The City of London has a reputation for being a relatively unregulated financial center. The comparative absence of government oversight--especially in contrast with its main European rivals, Paris and Frankfurt--has encouraged innovation and has made London attractive to high-flying global operators. For a long time, the City has relied mainly on self-regulation.
But Britain's new Labor Party government has come to power with the avowed aim of bringing order to London's financial markets--and it's about time. The downside of lax regulation is that the City has been hit by a run of scandals, including the collapse of Barings PLC in 1995, and a costly fund management debacle in 1996 at Deutsche Morgan Grenfell. At some point, enforcing a clear set of rules becomes a competitive necessity, since investors and customers--especially those from other countries--need to know that they will not be cheated and that they can depend on authorities to ferret out small problems before they become big ones. Indeed, tight regulation has been one of the strengths of Wall Street, and in particular the New York Stock Exchange.

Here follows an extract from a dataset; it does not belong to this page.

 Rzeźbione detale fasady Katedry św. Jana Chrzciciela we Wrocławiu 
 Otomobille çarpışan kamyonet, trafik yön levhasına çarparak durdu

The challenge for Prime Minister Tony Blair and the regulators he appoints is to find a balance between regulation and innovation. If they are too tough, business will flee offshore--just as traders hustled to London in the 1970s to set up the Eurobond market out of the reach of U.S. watchdogs. But investors will take flight if Labor doesn't clean up the City's worst excesses. Financial services is Britain's boom industry, and Blair owes it to his country to make sure it runs smoothly--and fairly.